Fin septembre, fin de la radiothérapie. Papa doit récupérer de la mobilité. Sur les conseils de l’équipe soignante il est transféré dans un centre de rééducation dans le sud de la France. La maison en région Parisienne a été vendue entre temps et leur nouvelle résidence se trouve maintenant du côté de Marseille. Il sera donc suivi dans l’hôpital de la région. Nous croyons dur comme fer qu’il peut retrouver sa mobilité, les résultats ne sont malheureusement pas concluants. En accord avec le centre et devant la recrudescence des cas covid et le peu de temps de visite accordé et au vu de l’absence de bénéfice de la rééducation, nous prenons la décision d’admettre papa en HAD le 19 octobre. Notre meilleure décision. Nous avons pu rester pleinement auprès de lui. Nous avons pu trouver certains moments de joie et d’échange au milieu de cet océan de détresse, mais également l’entourer de tout notre amour.

HAD (Hospitalisation à domicile)

Au début tout se passe « bien ». Un duo d’infirmiers libéraux au top qui passent matin et soir. On sort papa sur la terrasse avec le fauteuil, on prévoit de l’emmener à la mer… puis une douleur fulgurante dans le dos. Une douleur qui ne lui laisse aucun répit. Scanner du dos révélant plusieurs tassements vertébraux. Fragilité des os due aux corticoïdes. Il aurait fallu donner dès le début une supplémentation en calcium/vitamine D. Ça n’a pas été le cas. 5e incompréhension. Etait-ce à nous de la demander ? Je ne pense pas. Les médecins se focalisent sur la tumeur en oubliant, à notre sens, les conséquences potentielles des traitements pouvant grandement impacter la qualité de vie. Cette douleur a forcé papa à l’alitement, avec morphine, et nous a volé ses derniers mois. Moral en berne et/ou progression de la maladie, l’état de papa se dégrade. La 2e vague de Chimio 5J/mois avait pu être donnée par voie orale, la 3e doit maintenant se faire par IV à l’hôpital car papa a de plus en plus de mal à déglutir, à parler. Il sera maintenant « nourri » par IV (intraveineuse). Un pic line est posé pour éviter de solliciter ses veines déjà fragilisées. Il tousse beaucoup, à s’en étouffer. On nous parle de patch de scopolamine. Faut-il les mettre ou pas ? C’est peut être « trop tôt ». Pas de décision claire de l’équipe soignante, nous ne les mettrons pas, dans le doute. Nous aurions peut-être dû. Des aspirations sont faites par les infirmiers pour soulager les glaires.

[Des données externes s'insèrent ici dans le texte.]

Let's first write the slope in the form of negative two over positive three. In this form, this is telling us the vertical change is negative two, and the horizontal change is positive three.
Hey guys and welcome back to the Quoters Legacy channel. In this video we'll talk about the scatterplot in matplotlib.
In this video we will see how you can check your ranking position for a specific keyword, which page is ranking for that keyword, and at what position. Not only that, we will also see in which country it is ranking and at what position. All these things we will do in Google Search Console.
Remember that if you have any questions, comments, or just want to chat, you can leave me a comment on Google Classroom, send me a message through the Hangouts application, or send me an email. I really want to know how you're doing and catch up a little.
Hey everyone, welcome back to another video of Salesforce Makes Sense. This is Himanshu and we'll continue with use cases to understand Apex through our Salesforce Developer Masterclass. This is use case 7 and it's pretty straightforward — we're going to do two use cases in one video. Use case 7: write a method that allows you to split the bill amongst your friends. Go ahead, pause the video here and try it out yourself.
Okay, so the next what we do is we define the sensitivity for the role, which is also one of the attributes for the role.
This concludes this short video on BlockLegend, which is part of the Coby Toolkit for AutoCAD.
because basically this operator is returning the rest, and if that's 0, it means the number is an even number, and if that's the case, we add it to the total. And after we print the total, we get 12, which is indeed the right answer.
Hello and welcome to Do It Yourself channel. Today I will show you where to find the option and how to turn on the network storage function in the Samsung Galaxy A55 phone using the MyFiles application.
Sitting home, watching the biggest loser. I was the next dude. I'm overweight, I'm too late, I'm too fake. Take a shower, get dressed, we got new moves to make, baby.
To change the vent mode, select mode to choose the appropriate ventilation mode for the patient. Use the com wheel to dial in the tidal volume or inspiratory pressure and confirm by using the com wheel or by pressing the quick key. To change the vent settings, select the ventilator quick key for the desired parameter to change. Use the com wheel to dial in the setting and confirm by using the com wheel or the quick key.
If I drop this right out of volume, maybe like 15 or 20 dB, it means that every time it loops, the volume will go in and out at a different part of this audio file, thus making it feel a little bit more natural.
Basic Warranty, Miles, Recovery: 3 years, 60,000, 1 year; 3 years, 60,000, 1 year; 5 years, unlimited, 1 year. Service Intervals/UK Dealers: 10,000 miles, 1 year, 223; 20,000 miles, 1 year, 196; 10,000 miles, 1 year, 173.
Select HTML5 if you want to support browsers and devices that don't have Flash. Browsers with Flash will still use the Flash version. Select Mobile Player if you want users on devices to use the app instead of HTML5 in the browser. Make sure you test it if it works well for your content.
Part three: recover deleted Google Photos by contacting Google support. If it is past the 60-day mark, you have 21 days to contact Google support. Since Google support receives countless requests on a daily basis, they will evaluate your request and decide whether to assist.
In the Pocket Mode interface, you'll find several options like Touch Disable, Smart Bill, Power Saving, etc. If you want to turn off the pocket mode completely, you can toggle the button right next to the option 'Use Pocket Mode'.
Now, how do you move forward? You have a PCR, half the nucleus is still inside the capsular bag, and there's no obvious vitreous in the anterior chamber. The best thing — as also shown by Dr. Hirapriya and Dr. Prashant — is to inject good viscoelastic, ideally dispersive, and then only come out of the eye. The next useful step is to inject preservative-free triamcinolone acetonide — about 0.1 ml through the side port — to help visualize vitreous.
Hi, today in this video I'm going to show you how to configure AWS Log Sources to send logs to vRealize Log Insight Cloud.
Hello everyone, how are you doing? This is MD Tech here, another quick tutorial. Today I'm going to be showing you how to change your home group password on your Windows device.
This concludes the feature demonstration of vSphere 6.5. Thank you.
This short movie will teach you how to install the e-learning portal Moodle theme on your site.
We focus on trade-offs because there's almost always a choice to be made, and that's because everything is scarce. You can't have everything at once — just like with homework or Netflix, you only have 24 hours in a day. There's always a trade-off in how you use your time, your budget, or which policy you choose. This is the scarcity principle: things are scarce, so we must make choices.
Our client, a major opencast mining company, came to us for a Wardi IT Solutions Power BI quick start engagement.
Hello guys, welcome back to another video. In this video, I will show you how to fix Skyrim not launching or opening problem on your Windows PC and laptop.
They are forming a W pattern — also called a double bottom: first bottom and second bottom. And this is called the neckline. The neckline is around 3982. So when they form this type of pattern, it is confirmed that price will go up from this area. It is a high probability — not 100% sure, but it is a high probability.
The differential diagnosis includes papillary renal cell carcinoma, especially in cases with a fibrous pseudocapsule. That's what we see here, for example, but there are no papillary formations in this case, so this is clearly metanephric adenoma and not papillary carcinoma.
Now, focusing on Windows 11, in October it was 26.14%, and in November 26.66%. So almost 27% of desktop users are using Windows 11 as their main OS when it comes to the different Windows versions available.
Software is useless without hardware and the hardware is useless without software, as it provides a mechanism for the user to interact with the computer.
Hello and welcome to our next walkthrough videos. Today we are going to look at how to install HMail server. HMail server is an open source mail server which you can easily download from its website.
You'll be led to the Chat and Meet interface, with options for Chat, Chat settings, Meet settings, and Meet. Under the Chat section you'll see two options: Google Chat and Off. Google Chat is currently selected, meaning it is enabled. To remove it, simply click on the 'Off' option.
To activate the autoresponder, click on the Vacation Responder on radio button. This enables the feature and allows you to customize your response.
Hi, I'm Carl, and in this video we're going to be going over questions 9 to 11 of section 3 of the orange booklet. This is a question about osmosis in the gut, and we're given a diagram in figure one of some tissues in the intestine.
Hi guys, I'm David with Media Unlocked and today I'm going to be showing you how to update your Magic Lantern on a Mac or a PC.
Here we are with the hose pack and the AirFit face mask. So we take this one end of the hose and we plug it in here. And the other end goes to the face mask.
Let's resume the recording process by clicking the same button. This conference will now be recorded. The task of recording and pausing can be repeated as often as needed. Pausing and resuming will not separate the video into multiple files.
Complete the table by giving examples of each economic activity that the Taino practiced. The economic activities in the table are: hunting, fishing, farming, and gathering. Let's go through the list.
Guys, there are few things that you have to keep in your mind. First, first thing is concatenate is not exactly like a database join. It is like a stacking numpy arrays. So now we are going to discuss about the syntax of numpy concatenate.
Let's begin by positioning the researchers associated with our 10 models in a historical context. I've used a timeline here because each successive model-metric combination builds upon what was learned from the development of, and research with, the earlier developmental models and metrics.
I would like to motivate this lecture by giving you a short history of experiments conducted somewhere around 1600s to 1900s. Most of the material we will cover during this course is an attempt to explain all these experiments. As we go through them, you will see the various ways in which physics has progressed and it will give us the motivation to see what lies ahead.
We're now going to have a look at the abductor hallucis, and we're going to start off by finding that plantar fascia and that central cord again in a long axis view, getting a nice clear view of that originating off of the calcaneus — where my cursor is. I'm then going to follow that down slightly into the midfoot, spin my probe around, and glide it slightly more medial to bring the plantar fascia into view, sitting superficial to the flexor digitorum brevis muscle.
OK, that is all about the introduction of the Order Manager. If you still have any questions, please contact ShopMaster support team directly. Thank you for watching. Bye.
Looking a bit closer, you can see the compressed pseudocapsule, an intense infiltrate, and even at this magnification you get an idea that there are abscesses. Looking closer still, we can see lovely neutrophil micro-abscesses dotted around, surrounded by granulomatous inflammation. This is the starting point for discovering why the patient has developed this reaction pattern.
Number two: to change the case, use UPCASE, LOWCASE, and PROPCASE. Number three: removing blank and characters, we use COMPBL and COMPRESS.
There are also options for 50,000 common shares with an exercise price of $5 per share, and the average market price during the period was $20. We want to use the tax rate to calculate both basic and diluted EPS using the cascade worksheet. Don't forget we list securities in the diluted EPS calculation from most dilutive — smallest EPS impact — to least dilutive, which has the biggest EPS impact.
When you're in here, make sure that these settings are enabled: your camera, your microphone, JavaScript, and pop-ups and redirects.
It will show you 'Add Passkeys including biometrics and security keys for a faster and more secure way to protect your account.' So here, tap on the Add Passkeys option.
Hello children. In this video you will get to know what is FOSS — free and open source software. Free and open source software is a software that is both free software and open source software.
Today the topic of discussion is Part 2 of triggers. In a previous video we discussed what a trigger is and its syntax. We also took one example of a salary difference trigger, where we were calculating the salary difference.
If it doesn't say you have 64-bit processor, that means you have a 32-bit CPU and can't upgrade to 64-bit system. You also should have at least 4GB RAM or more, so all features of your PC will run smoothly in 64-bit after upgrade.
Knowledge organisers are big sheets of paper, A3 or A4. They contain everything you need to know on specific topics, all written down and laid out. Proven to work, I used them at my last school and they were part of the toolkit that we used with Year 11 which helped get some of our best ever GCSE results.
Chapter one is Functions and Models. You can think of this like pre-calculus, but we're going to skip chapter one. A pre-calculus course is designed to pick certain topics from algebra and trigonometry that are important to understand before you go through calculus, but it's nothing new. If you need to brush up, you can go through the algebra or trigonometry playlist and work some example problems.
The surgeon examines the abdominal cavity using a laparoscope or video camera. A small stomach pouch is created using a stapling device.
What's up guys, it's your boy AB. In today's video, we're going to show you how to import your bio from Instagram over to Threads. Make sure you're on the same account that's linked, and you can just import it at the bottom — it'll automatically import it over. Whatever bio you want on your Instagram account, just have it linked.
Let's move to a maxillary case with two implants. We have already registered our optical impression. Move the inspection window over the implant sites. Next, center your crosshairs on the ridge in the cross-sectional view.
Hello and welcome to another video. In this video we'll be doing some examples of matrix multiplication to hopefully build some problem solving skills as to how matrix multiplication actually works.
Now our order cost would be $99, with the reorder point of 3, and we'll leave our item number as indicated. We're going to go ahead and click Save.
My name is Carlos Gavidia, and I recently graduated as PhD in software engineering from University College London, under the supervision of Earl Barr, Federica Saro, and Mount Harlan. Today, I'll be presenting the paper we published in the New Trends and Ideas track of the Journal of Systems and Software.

Changement d’équipe HAD avec intervention de leur personnel pour une raison que nous ne comprenons pas (trop de soins IV apparemment…). Et là, le balais des soignants, jusqu’à 4 personnes différentes par jour. Avec la perte d’information inévitable à laquelle on peut s’attendre. Nous avons senti un manque de coordination entre le terrain et les décisionnaires. Devant faire, nous, sans cesse le relais, appeler, relancer, poser des questions, creuser…

L’IRM de contrôle est prévue le 23/12 jour de ses 60 ans. Les résultats ne seront que pour début janvier. Le Pr qui suit maintenant papa s’étonne que l’Avastin n’ait pas été continué en août, toutes les 2 semaines. 6e incompréhension : pourquoi tant de discordes sur la marche à suivre dans la prise en charge du glioblastome ? Pourquoi semble-t-il que nous n’ayons pas les mêmes chances en fonction de l’endroit dans lequel nous sommes suivis ? Sans pour autant blâmer les médecins qui se trouvent aussi désemparés que nous devant cette maladie complexe et sournoise, avec des spécificités individuelles propres, nous l’entendons. Pour autant, nous déplorons un manque de lignes directrices claires et égalitaires.

Le décès

Nous nous sommes souvent posé la question : de quoi on meurt quand on a un glioblastome ? Plusieurs causes possibles, certainement. Pour notre papa, cela a commencé par une cyanose au niveau des pieds. On pense à une mauvaise circulation, on masse, on informe les infirmiers. Le lendemain identique, pas d’affolement de l’équipe soignante « on verra l’évolution demain ». Le surlendemain cyanose étendue aux jambes puis décompensation brutale, la saturation en oxygène chute. On appelle le SAMU qui considère la situation assez urgente mais n’est pas inquiet outre mesure. On est angoissées mais Papa a déjà fait 2 épisodes similaires en 2 semaines avec séjours de 2/3 jours à l’hôpital sous antibiotiques, ça va aller. Un dernier bisou avant qu’il ne parte avec le SAMU ce 31 décembre, pour ne jamais revenir. On nous dit de venir à l’hôpital pour le voir car l’état devient préoccupant. Le temps qu’on arrive, « votre papa est parti » nous annonce l’infirmière. Arrêt cardio respiratoire. Le vide. Notre pilier, parti. Une douleur atroce, transperçante. Mais aussi un soulagement. Soulagement de ne plus le voir diminuer de jour en jour et qu’il se voit diminuer, de ne plus le voir souffrir, ne plus affronter cette maladie qui lui a pris toute dignité. Notre papa est resté doux jusqu’à la fin mais nous avons été profondément marquées par sa transformation physique. La disparition de l’étincelle de vie dans ses yeux, jour après jours.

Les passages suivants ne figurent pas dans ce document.